In North America, many programs are offered every year that specialize in STEM skills. Geared towards individuals seeking careers in modernized fields, they encourage the development of high-level skills related to development, delivery, and assessment of science, technology, engineering, and mathematics instruction through carefully developed curriculum. Many are aimed at preparing graduate students for academic careers through hands-on experience and teaching portfolio development, which is designed to enhance awareness and availability of STEM instruction in modern society. It is the hope of many that this strengthening of education will entice students to pursue a STEM career through more readily available and knowledgeable forms of post-secondary training. Programs such as physics, chemistry, psychology, computer science, civil engineering, astronomy, software engineering, and robotics are just a few examples of STEM fields of study.
Gender Imbalances Remain
In a 2011 Statistics Canada survey, 15% of Ottawa residents possessed a certificate, degree, or diploma in a STEM-related field of study, tying with Calgary as the highest percentage out of Canada’s six largest cities. Of those, two-thirds are university degrees. However, only 27% of those who had completed these post-secondary programs were women, which is similar to the data collected across much of North America. The general consensus is that while there is gender parity in science-related fields, the remaining three (engineering, mathematics, and computer science) still remain heavily male-dominated. Therefore, despite STEM becoming increasingly popular as a sought-after collective skillset, more work needs to be done to reach gender parity across all fields. With continued investment, education, and economic shifts, it is possible that more females will be drawn to STEM studies and help balance the numbers more evenly. Employers also need to be willing to look past a highly skilled employee’s gender and simply inspect their qualifications.

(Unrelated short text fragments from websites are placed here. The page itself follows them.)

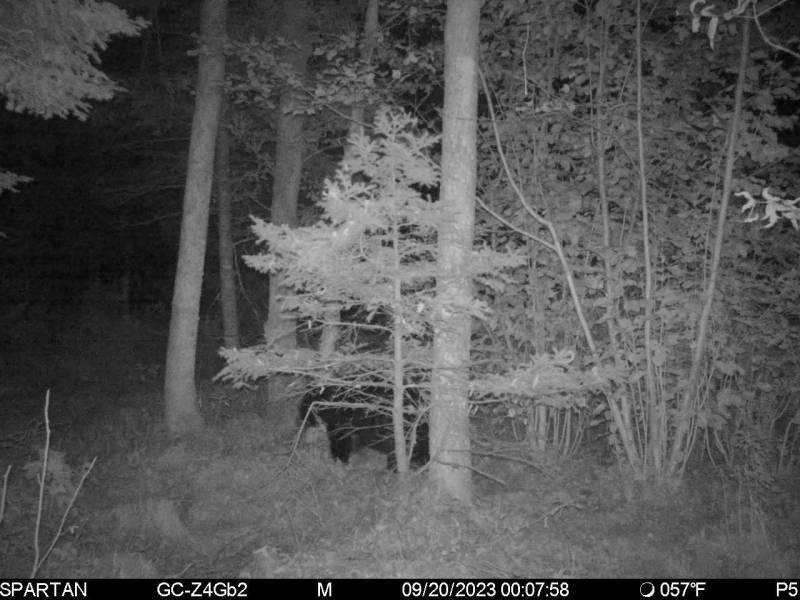 60ac On Hwy 107, , Tomahawk,  WI 54487 USA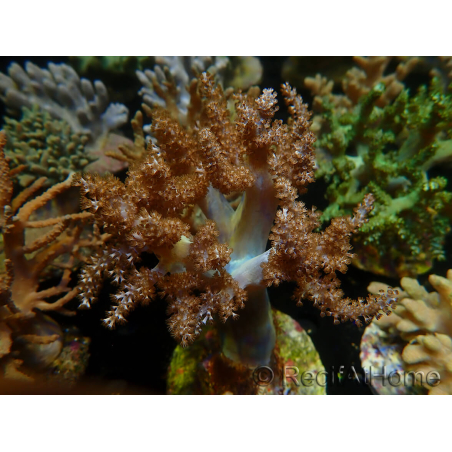 WYSIWYG Litophyton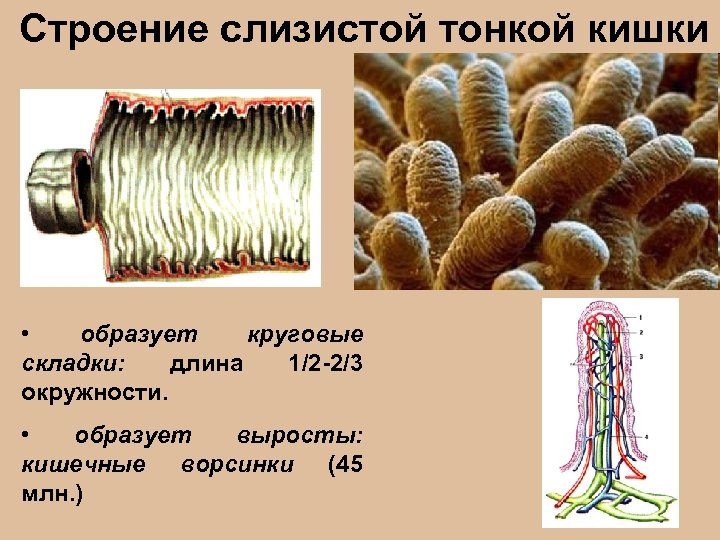 Строение слизистой тонкой кишки • образует круговые складки: длина 1/2 -2/3 окружности. • образует
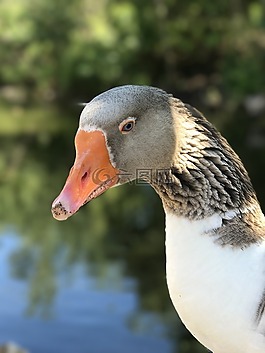 鵝,鳥,頸部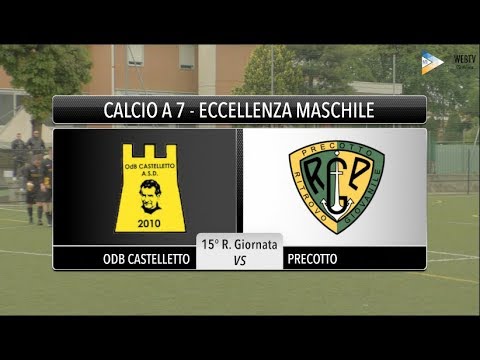 Sintesi Odb Castelletto - Precotto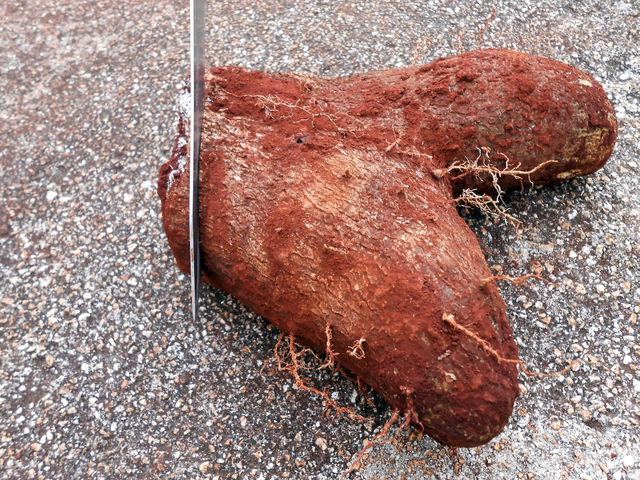 Slicing Yam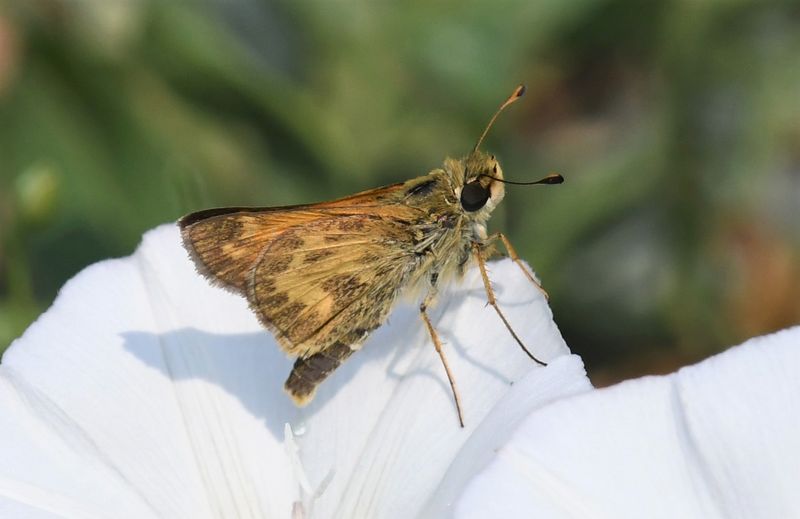 Sachem: Atalopedes campestris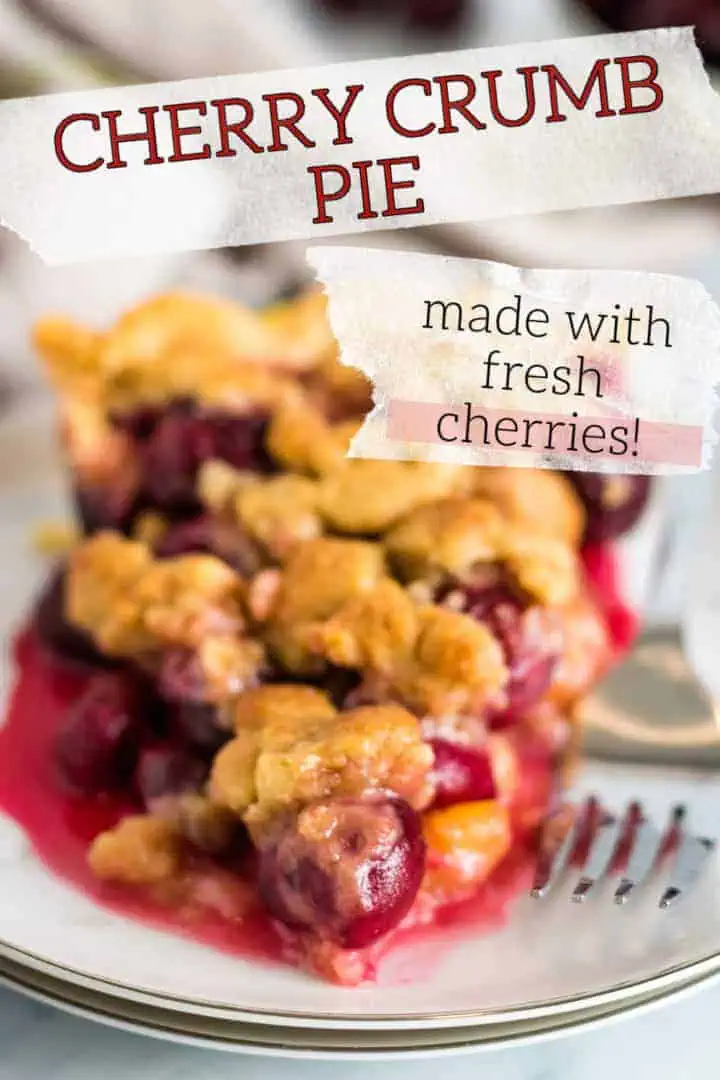 Close up photo of a slice of cherry crumb pie.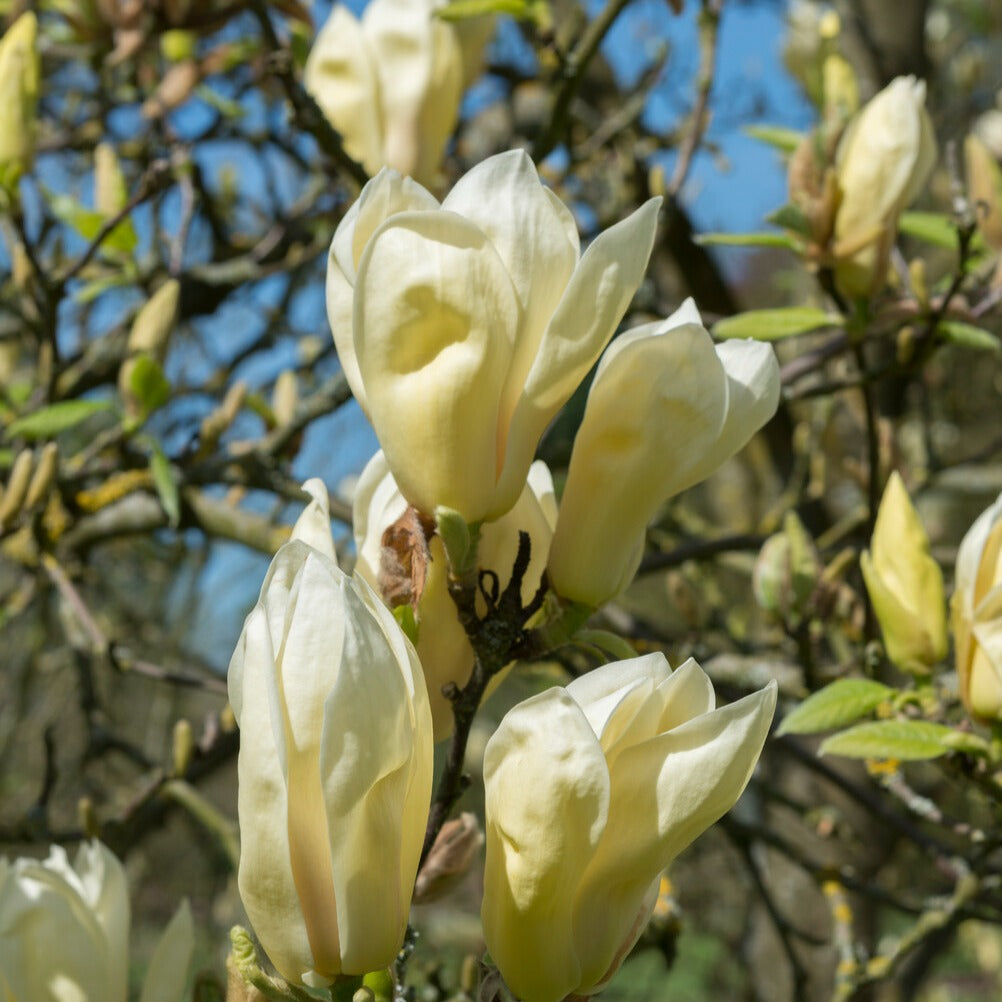 Bakker Magnolia Yellow Lantern arbuste fleur jaune pot 2L 25-30cm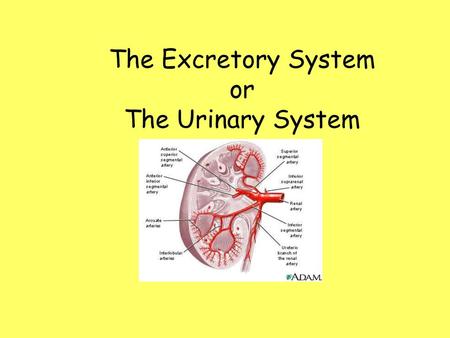 The Excretory System or The Urinary System.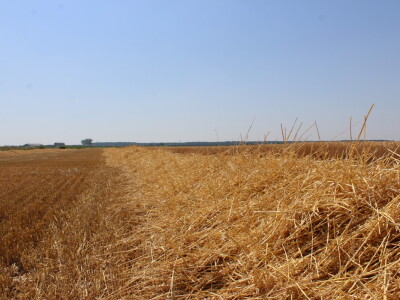 Claas Lexion 8900 demotour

It is common knowledge that a post-secondary education can be incredibly expensive and out of reach for many with more constrained budgets, to say nothing of STEM-focused curriculum and training. However, great strides are being made to reduce the financial burden of such instruction, enabling for students to focus more on becoming successful in their chosen fields without encountering barriers due to financial reasons. For example, in Canada, Ontario-based graduates only are required to start paying off their OSAP student loans once they earn $35,000 a year or more. This was recently introduced in the 2017 Provincial Budget, and is an increase from the previous annual figure per graduate of $25,000. In addition, countless incentives such as grants, scholarships, and credit options with affordable interest rates are helping to reduce the effect of financial stability on STEM learning.
A post-secondary education in STEM is the last phase of a process specifically designed to bolster our collective intellectual strength through careful and future-proofed training. It is clear that there is work to do in order to improve the appeal of such an education, but statistics indicate that the changes being implemented are already making a considerable difference.